Assignment: Using the data below, output a verbatim copy of the lines between the one holding "Organic wooden bamboo" and the one holding "A man in a navy", inclusive, without any pictures.

Input:
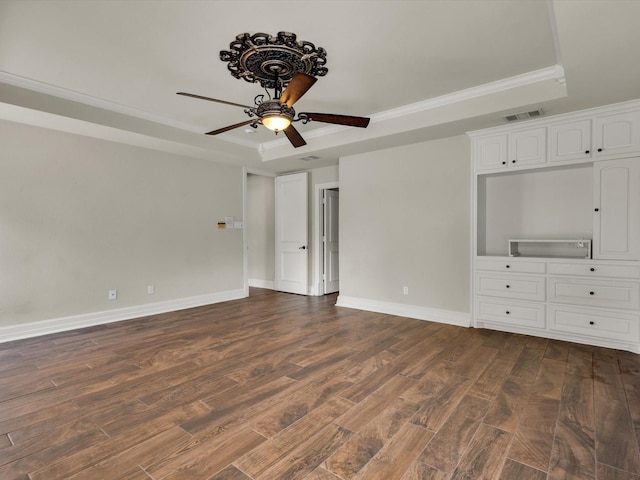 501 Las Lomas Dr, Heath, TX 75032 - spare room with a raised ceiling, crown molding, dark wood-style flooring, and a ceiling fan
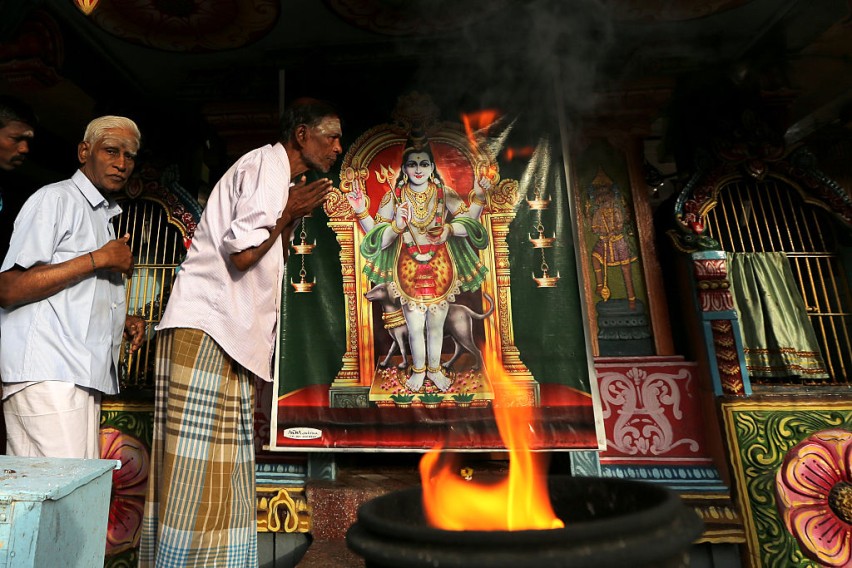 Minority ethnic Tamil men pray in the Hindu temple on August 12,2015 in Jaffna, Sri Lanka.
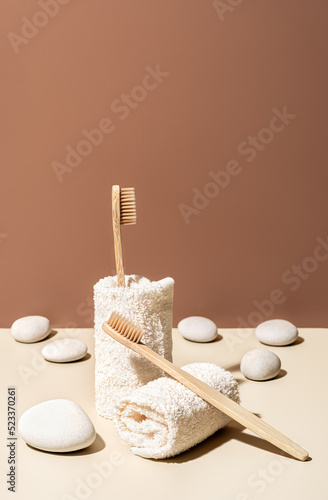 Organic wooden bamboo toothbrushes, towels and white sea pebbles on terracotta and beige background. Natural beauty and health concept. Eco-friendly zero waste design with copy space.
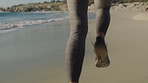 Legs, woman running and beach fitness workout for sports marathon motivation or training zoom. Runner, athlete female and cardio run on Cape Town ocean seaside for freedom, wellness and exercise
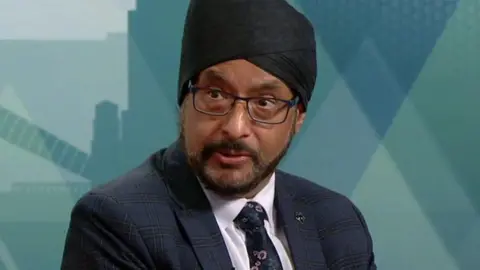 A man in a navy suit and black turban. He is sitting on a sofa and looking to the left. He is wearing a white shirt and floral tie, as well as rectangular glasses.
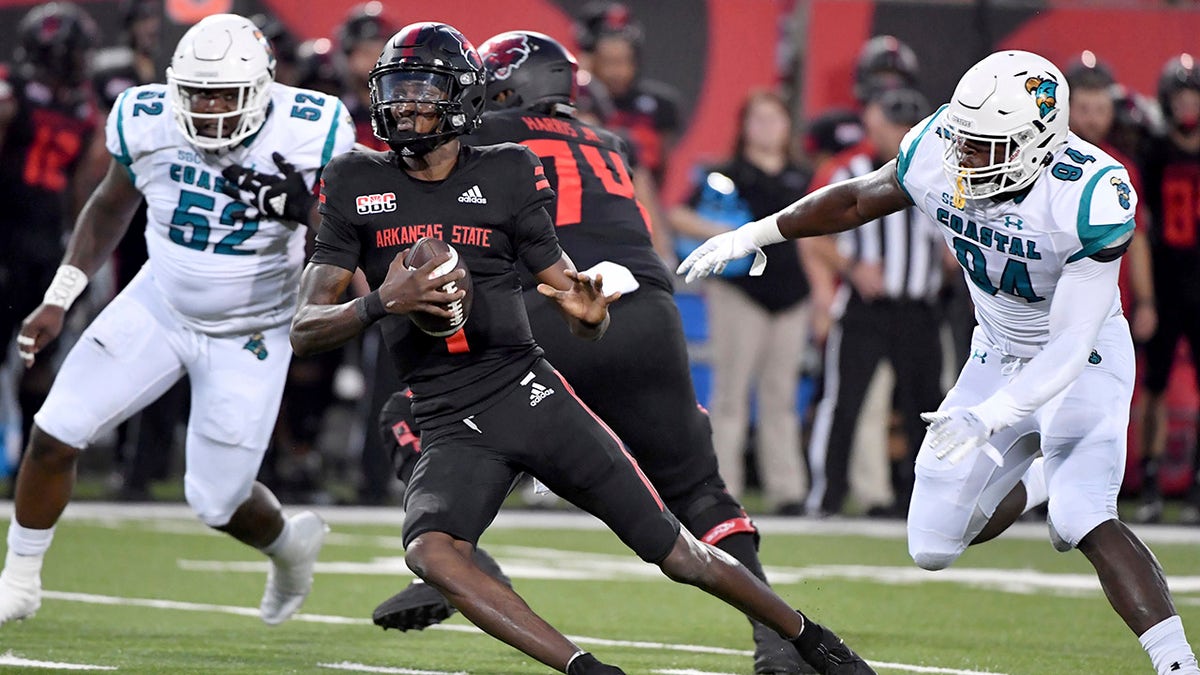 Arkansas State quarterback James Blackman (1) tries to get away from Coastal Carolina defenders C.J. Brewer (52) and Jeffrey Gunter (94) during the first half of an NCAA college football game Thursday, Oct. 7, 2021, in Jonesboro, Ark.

Written answer:
 Organic wooden bamboo toothbrushes, towels and white sea pebbles on terracotta and beige background. Natural beauty and health concept. Eco-friendly zero waste design with copy space.
 Legs, woman running and beach fitness workout for sports marathon motivation or training zoom. Runner, athlete female and cardio run on Cape Town ocean seaside for freedom, wellness and exercise
 A man in a navy suit and black turban. He is sitting on a sofa and looking to the left. He is wearing a white shirt and floral tie, as well as rectangular glasses.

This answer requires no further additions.